Speaker: Nicholas Lane (Cambridge)
Huge progress made over recent years in model efficiency/compression - but GNNs virtually absent from this discussion!
Improved performance in this area critical to future success of GNNs.
Key domains where GNN improvements will yield benefits:
- Recommender systems
- Chip design
- Simulating physics/chemistry
- Drug discovery
- Scene generation
Great progess has been made in creating new GNN models that can solve various problems; but we lag behind badly in efficiency.
- Gnns lack regularity we see in, say, CNNs - e.g. no ordering or fixed neighbourhood
- This regularity is often the root of optimisation
Observe that these different datasets require massively different amounts of compute.
For most non-GNN architectures, it is not the case that overheads are closely tied to type of data - CNNs shown on dotted lines.
Use fewer bits tot represent params - particularly for performing inference.
Benefits: smaller models, less data movement, lower latency
- Large variance in tensor values after aggregation
- High (in-)degree nodes disproportionately affect gradient error
Build on top of existing stochastic quantisation-aware training.

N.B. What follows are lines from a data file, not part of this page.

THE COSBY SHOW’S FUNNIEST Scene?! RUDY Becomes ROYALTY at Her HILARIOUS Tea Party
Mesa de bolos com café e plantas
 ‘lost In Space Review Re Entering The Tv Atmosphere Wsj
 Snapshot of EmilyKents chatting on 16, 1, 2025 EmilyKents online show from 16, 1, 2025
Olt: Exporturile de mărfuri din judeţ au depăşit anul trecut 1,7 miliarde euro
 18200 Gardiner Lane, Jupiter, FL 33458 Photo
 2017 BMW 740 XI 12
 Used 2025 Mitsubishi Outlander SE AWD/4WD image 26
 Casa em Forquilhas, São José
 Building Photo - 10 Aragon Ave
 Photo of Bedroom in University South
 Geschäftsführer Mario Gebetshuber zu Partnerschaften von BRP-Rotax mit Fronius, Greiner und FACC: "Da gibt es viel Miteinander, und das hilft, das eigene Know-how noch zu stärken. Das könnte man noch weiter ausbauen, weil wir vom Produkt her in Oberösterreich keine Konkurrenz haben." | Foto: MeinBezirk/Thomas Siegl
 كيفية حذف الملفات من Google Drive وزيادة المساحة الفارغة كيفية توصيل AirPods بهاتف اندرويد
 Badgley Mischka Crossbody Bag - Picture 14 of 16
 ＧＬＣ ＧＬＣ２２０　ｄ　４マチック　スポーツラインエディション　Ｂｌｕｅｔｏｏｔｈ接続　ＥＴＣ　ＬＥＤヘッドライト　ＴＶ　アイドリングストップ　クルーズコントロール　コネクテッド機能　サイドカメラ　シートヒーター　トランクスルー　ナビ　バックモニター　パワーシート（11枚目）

- Introduce two important ideas. Due to recognition of some nodes being highly sensitive, we want to stochastically protect nodes based on:
- Stochastic masking that is applied to all nodes - protect these nodes by performing forward-pass at full precision
- Based on where they sit in the topology
- Build a scheme to carefully set the boundaries of quantisation
In CNNs where you set these boundaries doesn't make much of a difference - it turns out the same it not true for graphs!
By applying this quantisation scheme for int8 gives competetive levels of accuracy as FP32.
Means that serving production GNN models can be done much faster with minimal accuracy loss!
Measured speedup of up to 4.7x on CPU (INT8)
- Less memory than alternatives: vs.
- Lower latency than alternatives
- Higher accuracy
Key idea: anisotropic GNNs - treat neighbours differently
→ computational challenges:
- all edges must now be materialised
- compute becomes a lot less uniform - varies in different parts of the topology
- hardware challenges result - SpMM operations coming through only really support GCN-type models well. Poor support for "arbitrary message passing"